Van Halen is probably better known for the hit "Human's Being" from the soundtrack of the '90s tornado flick, but the album ends with a tasty instrumental from the brothers Van Halen. Eddie is more subdued here than at other times, but his guitar sound helps create a foreboding, somber piece. Listening to the guitar, it's easy to envision a tornado slowly forming, stretching to the ground and creating havoc before dissipating and disappearing.
Eddie does flamenco! This little-played gem off an otherwise cover-filled VH album features a classical guitar intro more reminiscent of Spain than of Southern California. Eddie then grabs the listener with a guitar hook that forms the foundation of a catchy rock-pop tune.
Sammy Hagar's first album as lead singer of Van Halen was a chartbuster and featured more of the keyboard sound that was prominent in "1984." "Summer Nights" ditches the keys for a pure garage rock guitar riff from Eddie. The rest of the song is a rock guitar thrill ride of solos and rhythms.
Beginning garage bands beware: Even the simpler Van Halen songs can prove challenging when it's time to pick the strings. Eddie's simple, catchy riff on this tune is easy to follow along until you get to the solo. It starts simple enough, but Eddie then fires off notes so quickly that it's hard to catch up, if at all.
One of Eddie's most well-known solos isn't even on a Van Halen album. Many fans mistakenly assume that Eddie plays all of the guitars on the song — that honor goes to Toto's superb guitarist Steve Lukather — but the solo is 100% vintage Van Halen. Eddie's fantastic solo gave Jackson's "Beat It" a hard-rock edge that helped drive the song to the top of the charts. The "Beat It" solo gained Eddie new fans a year before Van Halen's massively popular "1984" hit the airwaves.

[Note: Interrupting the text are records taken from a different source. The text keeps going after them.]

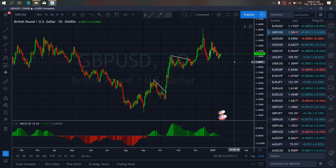On GBPUSD for today, price is climbing upside a bit. This climb — we believe it's attempting to complete a running flat structure before it will resume back to the downside, tagging this slope and then reversing back up to make a bigger flat, before more sets to the downside.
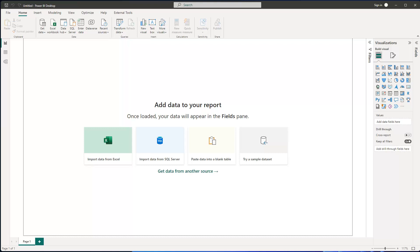Hey friends, welcome back. Now let's explore another trick which might be helpful for your projects if you have the structure I'm going to show you right now. We all know that if you have multiple files in a folder, you can extract those files using the 'Files from Folder' option. If they have the same shape then we don't have any problems. But what if we have the following use case?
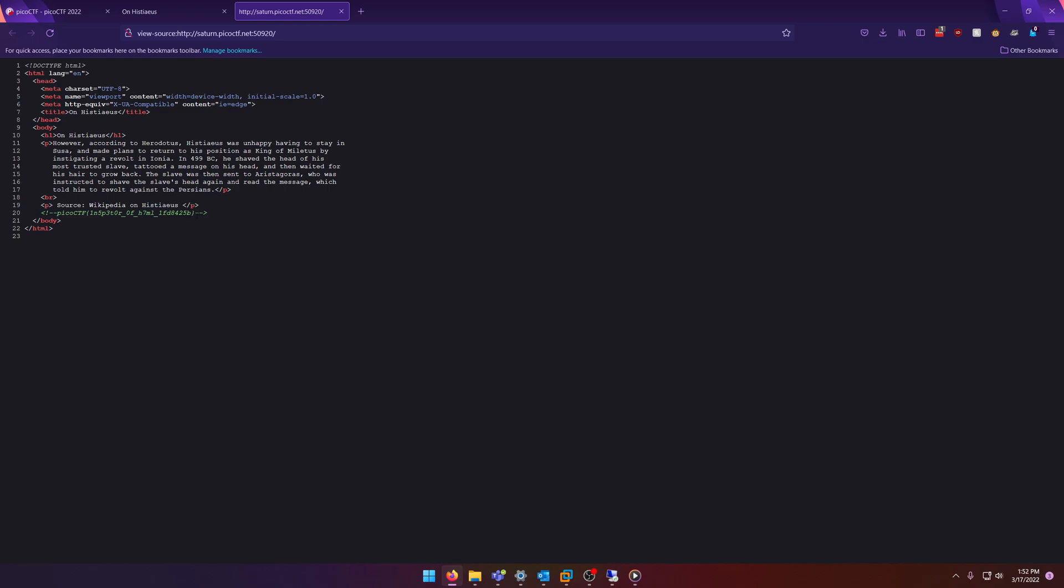Even easier than the last challenge. This time the flag was stored in an HTML comment. That's what one looks like: it's a less-than sign followed by an exclamation mark and two dashes,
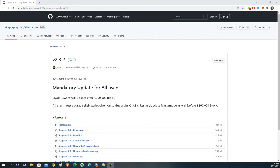Hello everyone. In this video we're doing a walkthrough tutorial on how to update your wallet to version 2.3.2. This is not the first time we've done an update like this, so this is more of a refresher video for you guys.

Eddie puts on an otherworldly guitar clinic for the first 30 seconds of "Mean Street" and then lays down a meaty riff to drive the song into hard-rock bliss. The subsequent solo sounds like a wrestling match between the musician and his guitar, with Eddie finally coming out on top.
OK … the theme and lyrics are Van Halen at their most adolescent, but the guitars are some of Eddie's best work. From his opening note to the end of the song, Eddie's Frankenstrat is a whirling dervish of hard-rock sound complete with a solo that leaves the listener sublimely dizzy.
I still remember where I was when I first heard the opening song on Van Halen's debut album, and decades later, this song still sounds fresh, thanks to Eddie's trailblazing sound. Hard-rock guitar players never sounded like this before, and millions have tried to emulate it ever since. "Runnin'" features some of Eddie's simpler work, but the blessed sound he created for the piece demands a spot on this list.
Quintessential Eddie at the height of his powers. The opening riff is as tasty as any he ever created … heavy sounding and hard-driving. Eddie plays so many notes with his riff, solo and rhythms that the song ends with a single, quiet strum of a guitar — as though he played his guitar to death. If "Eruption" generated a horde of solo copycats, "Unchained" unleashed a mob of heavy metal guitar players seeking to recreate that unique sound.
Still the gold standard for hard-rock guitar instrumentals and solos. This is Eddie at his finger-tapping, virtuoso-playing best for a tight 1 minute, 43 seconds. And that's all it took for Eddie to blow up the rock guitar landscape and redefine it for generations to come. It was a mind-blowing listen the first time around and still holds up hundreds (thousands!) of listens later.